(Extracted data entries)
⟨
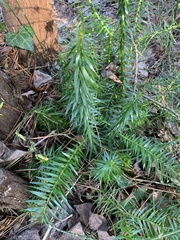 Cunninghamia lanceolata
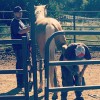 Vin Hesten Trail Rides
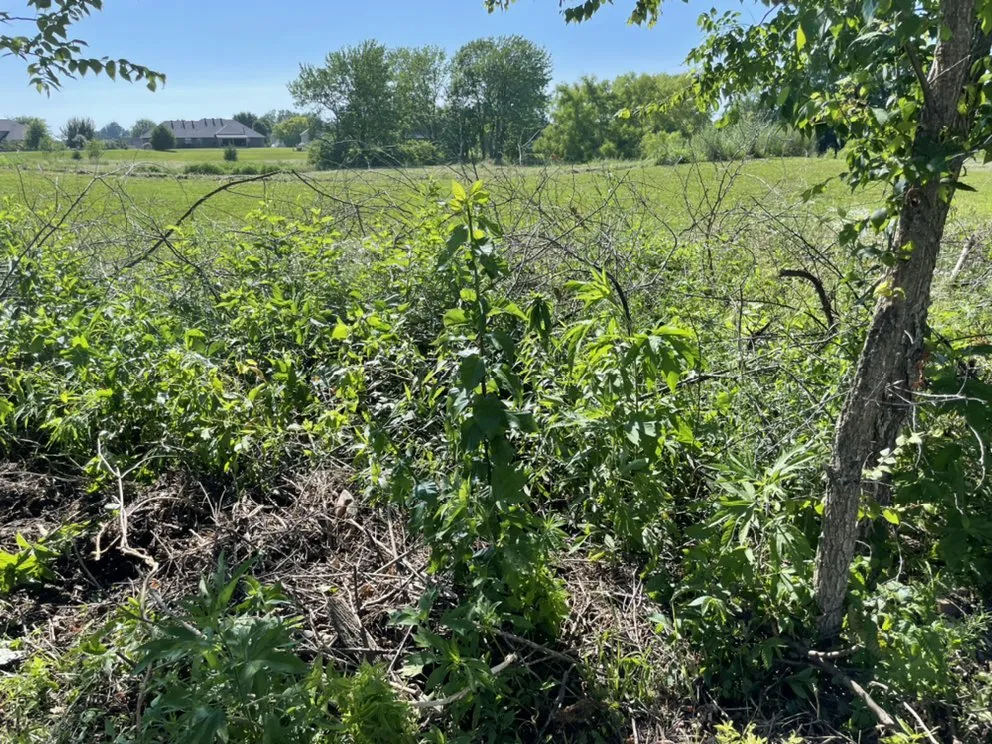 Expert outdoor landscaping in Prairie Grove, AR - Threet’s Lawn And Transport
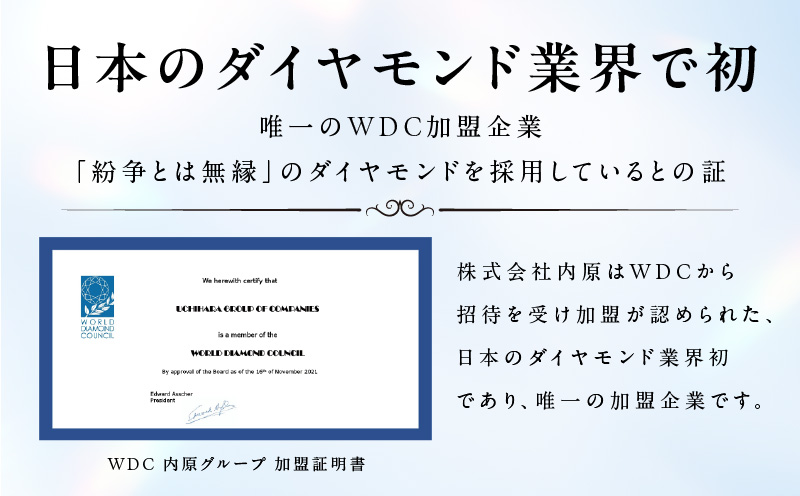 大阪府泉佐野市のふるさと納税 アルカンシェルプラチナ ダイヤハートペンダント(計 0.05ct)【鑑別書付き ジュエリー プレゼント ギフト ファッション アクセサリー 贈り物 贈答 お祝い 記念日】 J033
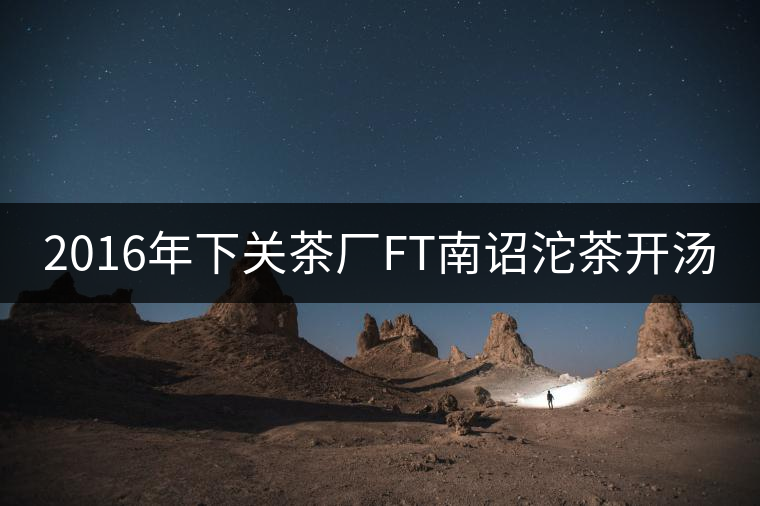 2016年下關茶廠FT南詔沱茶開湯 2016年下關茶廠FT南詔沱茶開湯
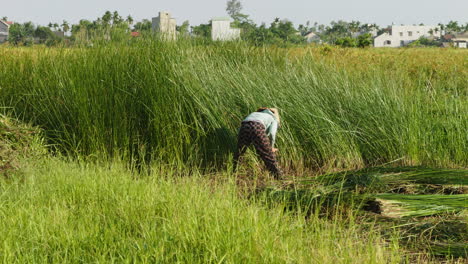 skilled woman collects natural materials to handcraft traditional mattresses in quang nam province, vietnam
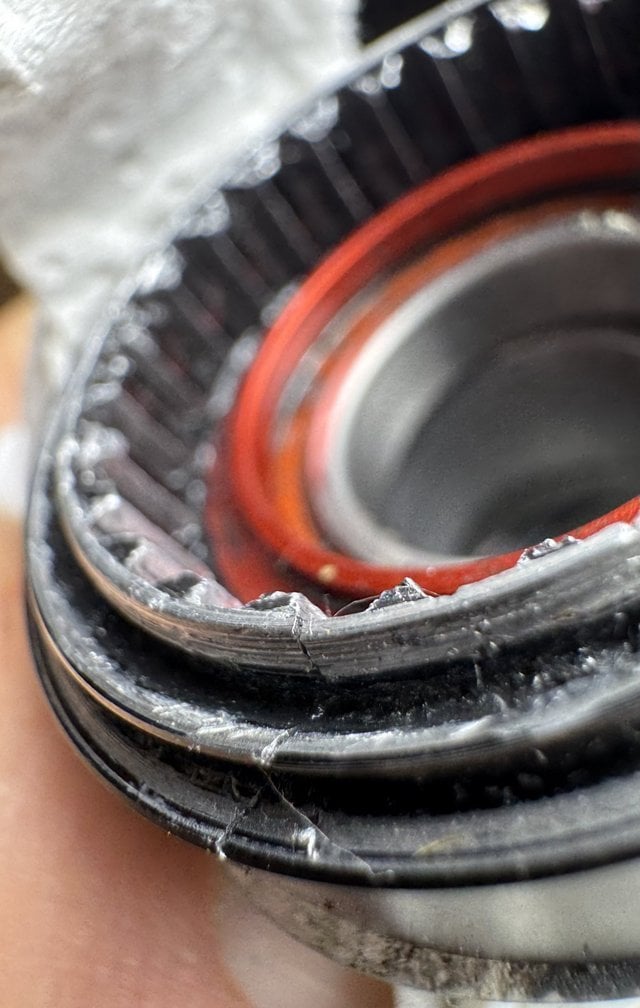 img_6258-jpeg.2261867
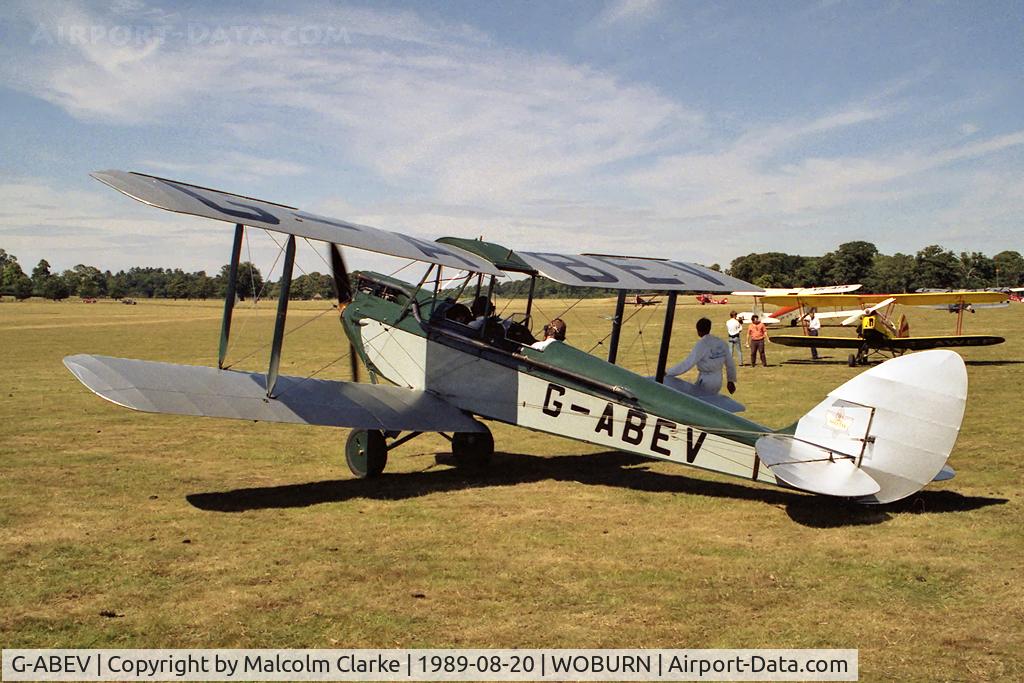 G-ABEV, 1930 De Havilland DH-60G Gypsy Moth C/N 1823, De Havilland DH-60G Gipsy Moth at the Famous Grouse DH Moth Rally 1989 held in the grounds of Woburn Abbey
⟩
- **WHAT TO DO**:
Copy out every entry above verbatim. Leave each picture out.

- **SOLVED PROBLEM**:
 Cunninghamia lanceolata
 Vin Hesten Trail Rides
 Expert outdoor landscaping in Prairie Grove, AR - Threet’s Lawn And Transport
 大阪府泉佐野市のふるさと納税 アルカンシェルプラチナ ダイヤハートペンダント(計 0.05ct)【鑑別書付き ジュエリー プレゼント ギフト ファッション アクセサリー 贈り物 贈答 お祝い 記念日】 J033
 2016年下關茶廠FT南詔沱茶開湯 2016年下關茶廠FT南詔沱茶開湯
 skilled woman collects natural materials to handcraft traditional mattresses in quang nam province, vietnam
 img_6258-jpeg.2261867
 G-ABEV, 1930 De Havilland DH-60G Gypsy Moth C/N 1823, De Havilland DH-60G Gipsy Moth at the Famous Grouse DH Moth Rally 1989 held in the grounds of Woburn Abbey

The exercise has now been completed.